ClearTK Workshop I
Introduction
Abstraction Paradise / Configuration Hell
- We are going to avoid a lot of the complexities of UIMA by using UUTUC. This will serve to simplify use of UIMA and ClearTK for this workshop.
Use of Twitter Data
We have been given permission to use Twitter data from the EPIC project under the following conditions (quoting Leysia Palen):
- Confirm with me that all attendees are CU people. If not, tell me who else is there, and how many.
- The data are not to be made public, and are therefore to put behind a password-protected site. The data must be taken down when workshop is over, and you must confirm to me that this has been done.
- you give full credit to Project EPIC for the data source.
The data we have been given is subject to IRB protocols. Here's another quote from Leysia:
"...we are not prepared to have it be public. This is data that has been collected by many students on our project, and they and we have the rights to it.... [posting the data] will be violating IRB protocols as well, protocols that we have to adhere to that are federal guidelines. Not only can grant funds be yanked for such a move, a whole university can go under audit for inappropriate posting of human subjects data."
You are expected to respect the above concerns.
Setup
- Download and install eclipse from here. You want to select "Eclipse IDE for Java Developers" and it should send you to a page that has a large green arrow on it - click on that green arrow. Here are some installation instructions.
- Start Eclipse and choose a new workspace directory. If you get the welcome screen, then click on the image with a silver and gold swooshing arrow (labeled "Workbench" when you hover your mouse over it)
- Intall UIMA Eclipse plugins
- Select Help -> Install New Software
- Enter the URL
http://www.apache.org/dist/incubator/uima/eclipse-update-site/
into the "Work with" text box - Restart eclipse
- Obtain cleartk-workshop-feb-2010.zip directly from me (Philip Ogren) which is an exported eclipse project that contains source code, data, and dependencies.
- Import eclipse project from cleartk-workshop-feb-2010.zip:
- Menu -> File -> Import -> General -> Existing Projects into Workspace -> Next
- Check "select archive file" and browse to cleartk-workshop-feb-2010.zip. Select project CleartkWorkshop and click finish.
Example 1
- Open Example1ReadData by typing CTRL+SHIFT+T and typing Example1
- Run this program by typing ALT+SHIFT+X followed by J. This will run the program and immediately throw an exception and exit.
- Open the Run Configurations window: Menu -> Run -> Run Configurations. Select "Example1ReadData" and edit the program arguments under the Arguments tab. Enter the following arguments:
data/100-examples.csv data/100-examples-xmi
- Run the CAS Visual Debugger.
- Open the Run Configurations window (see above) and create a new launch configuration for a "Java Application". Enter "CVD" for the name and enter "org.apache.uima.tools.cvd.CVD" as the main class. Run it.

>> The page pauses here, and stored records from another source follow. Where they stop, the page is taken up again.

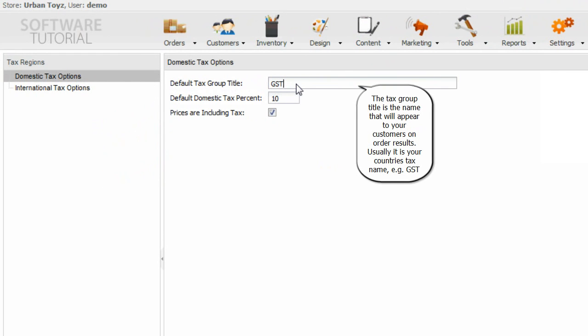The tax group title is the name that will appear to your customers on order results. Usually it is your country's tax name, for example GST.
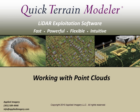Welcome to the QuickTrain Modeler video tutorial series. In this module we'll explore some of the basics of working with LiDAR point cloud data in QuickTrain Modeler.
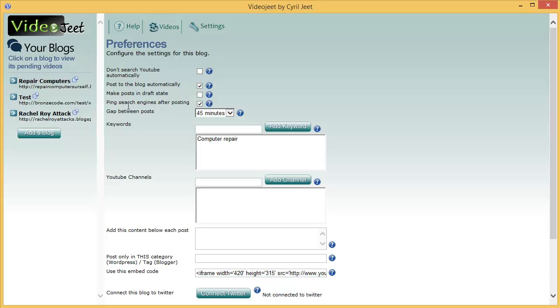The next feature is very interesting and I don't think there is a reason why you want this turned off. It says ping search engines after posting. And this is awesome because what VideoJeet will do is as soon as a post is published on your blog, it will go to all the search engines like Google, Yahoo and many others and it will tell them about your post. It will tell them that you posted a new article. And the search engines will come and look at your post and add it to the index. And this is the reason why you will often find that VideoJeet will actually get you ranked pretty quickly. As soon as you add a post to your blog there is a pretty good chance that you will start getting organic visitors without doing anything more.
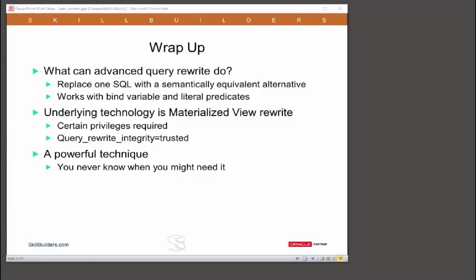To conclude, what can advanced rewrites do for you? It lets the cost-based optimizer rewrite code which you cannot edit directly, replacing one SQL with another of your choice that is semantically equivalent.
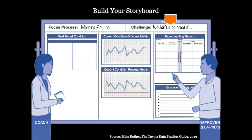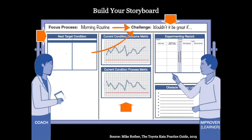First, we check: do we have a challenge in place, and is the focus process related to this challenge? Have we established the next target condition towards our challenge — one that is a lot smaller, a lot closer, maybe a week away, and clearly described? Then, are we constantly measuring current condition to understand where we are? Are we identifying obstacles by comparing target condition with current condition, and are these really obstacles that are preventing us from getting closer to our target condition?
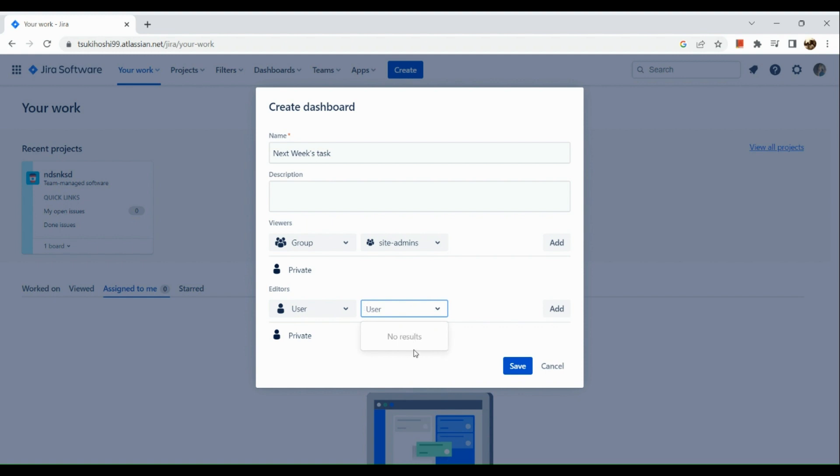And simply click on Save. So that's about it, and you would be able to create a dashboard. Hope you find this helpful, and thank you so much for watching.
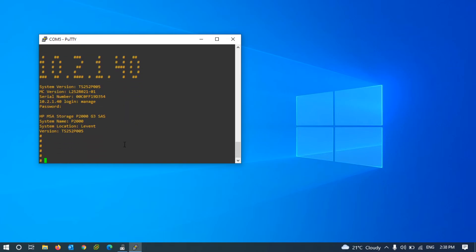Okay, with a set password command, we can set the password for the manage user.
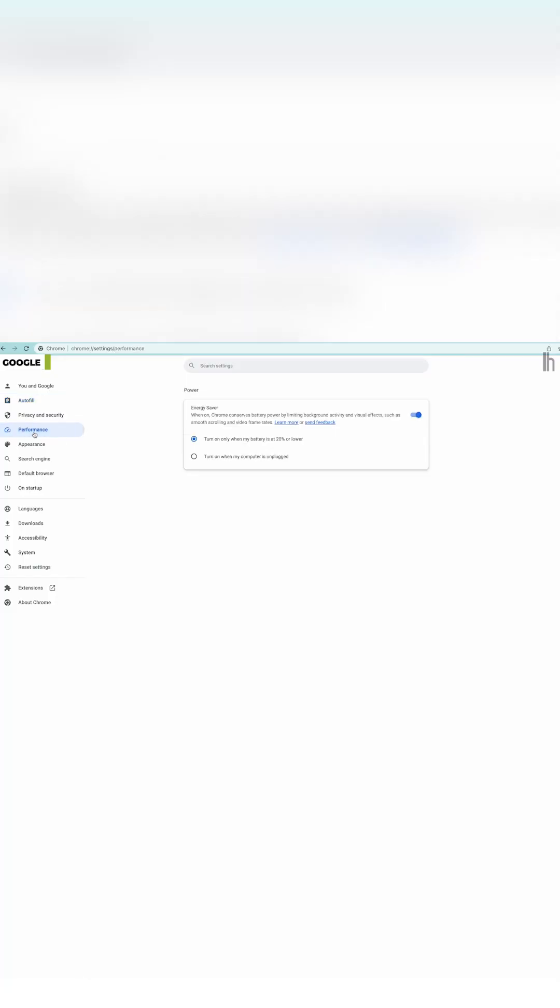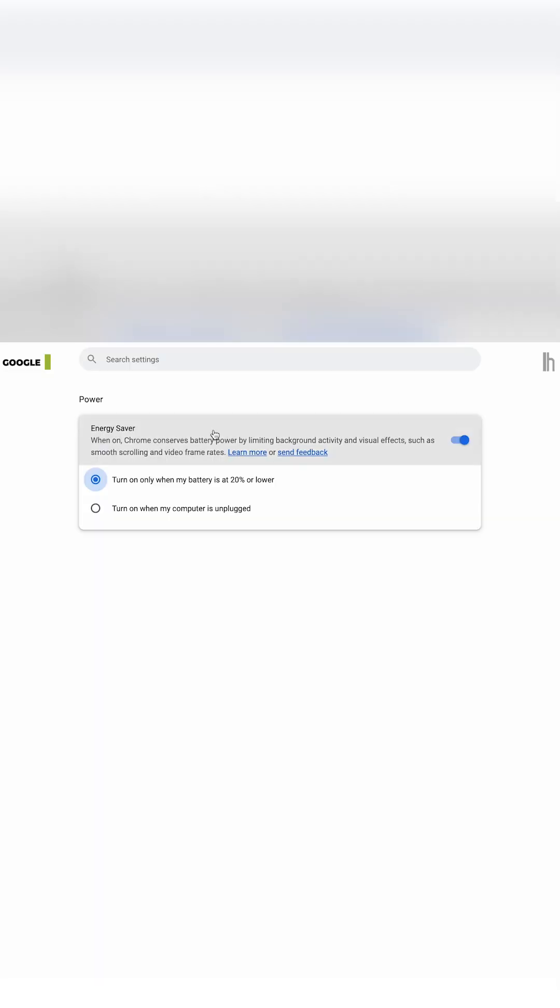Once Chrome opens back up, head to Settings, then click on the new Performance tab to see Energy Saver. The feature will appear as an electric leaf in your menu bar. You can't switch between the two Energy Saver modes here, but you can disable it entirely, making for a convenient kill switch should you need it.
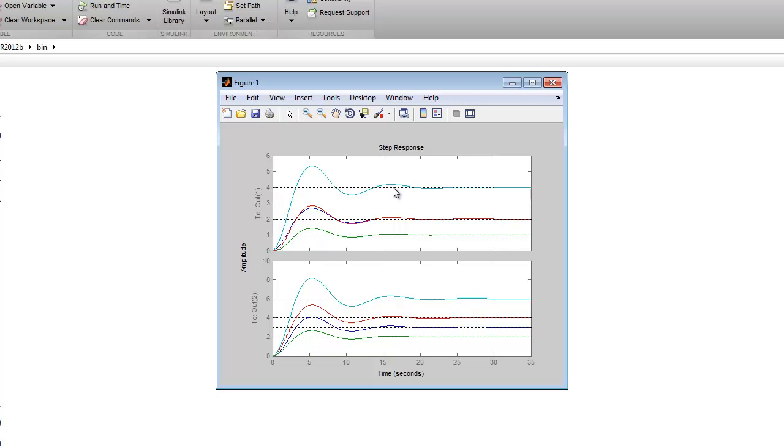There's another concept here known as observability, which we're also going to look at in class, which again I said has to do with can you recreate the state of the system by observing the full state of the system by observing only one or more of the states.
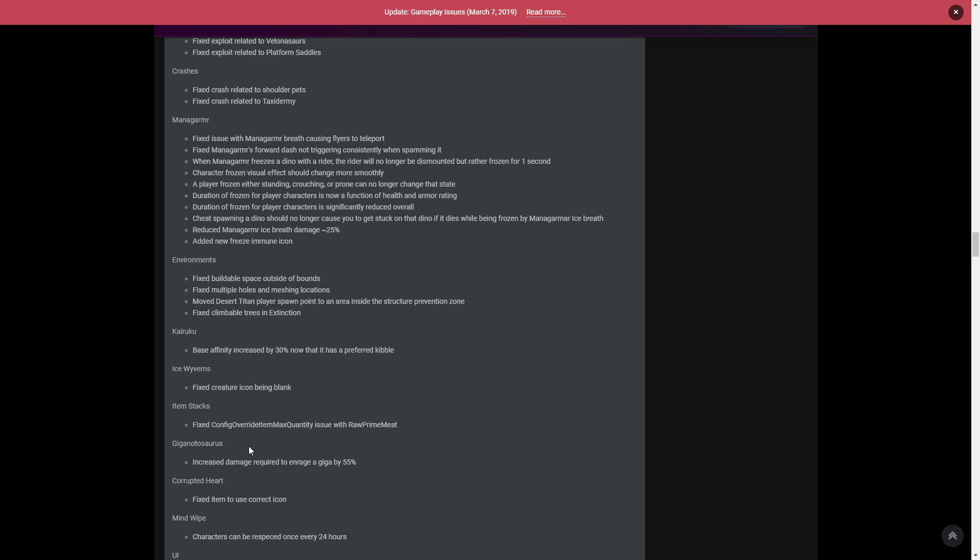Finally, we have the Giga update. The Giga has had an increased damage required to enrage it by 55%. Now people are confused about that because before you could damage someone's giga and it would throw them off and it would rage and go crazy. Now what people are going on about at the moment is that gigas are so much more OP right now because it takes longer to enrage them. So you can attack and attack and attack so much more with your giga than expected. That has been increased by 55%.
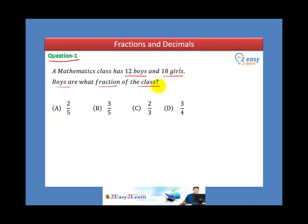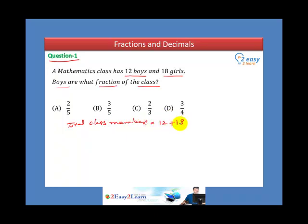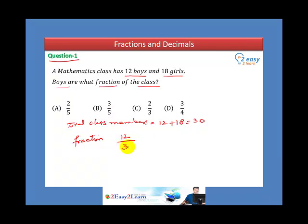We have to find the fraction of the boys with respect to the class. We know the total class members is 12 plus 18, which is equal to 30. We want to calculate the fraction for boys with respect to the total class. The number of boys is 12 and the total number is 30.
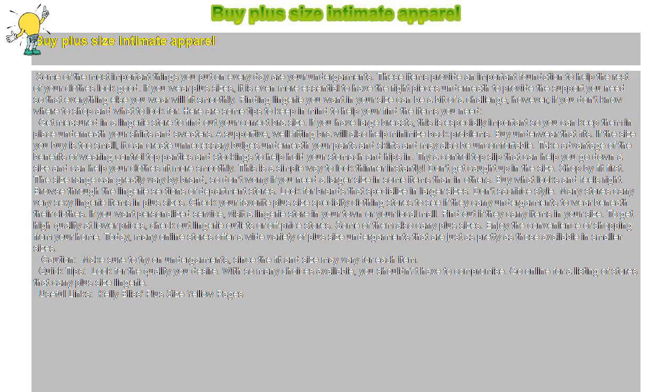Finding lingerie you want in your size can be a bit of a challenge if you don't know where to shop and what to look for. Here are some tips to keep in mind to help you find the items you need.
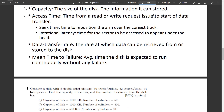The third quality measure of the disk is the data transfer rate — the rate at which data can be retrieved from or stored to the disk. The fourth measure is mean time to failure, also known as the reliability of the disk — the average time the disk is expected to run continuously without any failure.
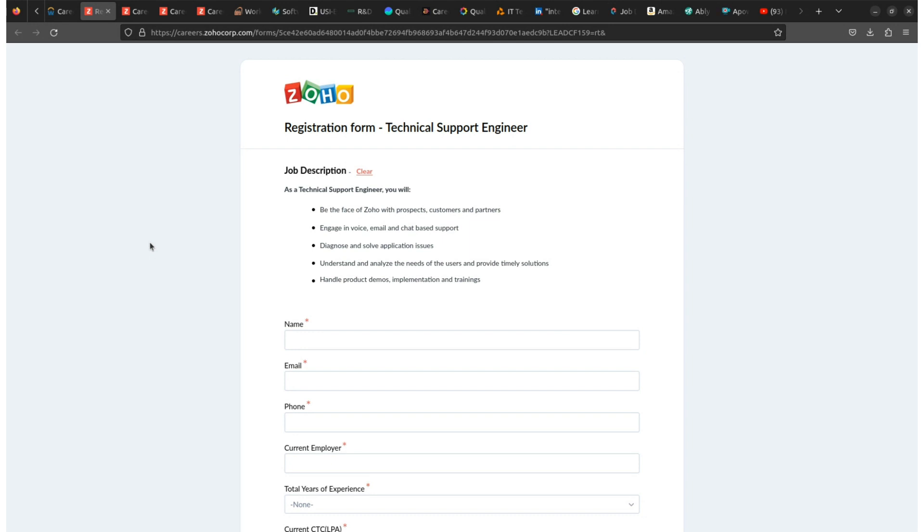But the only criteria is that you must have good knowledge about the technical support engineer's role, what work they do, and what type of minimum qualifications, criteria, or skills you need to have to get this job. Now talking about the package...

- In the CVD read in a type system: Menu -> File -> Read Type System File. Select <workspace-dir>/CleartkWorkshop/src/org/cleartk/workshop/feb2010/type/TypeSystem.xml.
- Now read in an XMI file: Menu -> File -> Read XMI CAS File. Select <workspace-dir>/CleartkWorkshop/data/100-examples-xmi/1474720291.xmi (or any other xmi file in that directory)
Arguments for Examples
- Example1ReadData
data/100-examples.csv data/100-examples-xmi
- Example2SimpleAnalysis
data/100-examples.csv data/100-examples-xmi
- Example3TrainingData
data/training-data.csv data/experiment/maxent
- Example4TrainModel
data/experiment/maxent 100 5
- Example5Classify
data/testing-data.csv data/experiment/maxent/model.jar
- Example6Complete
Running the experiment with SVMlight will require downloading and installing SVMlight.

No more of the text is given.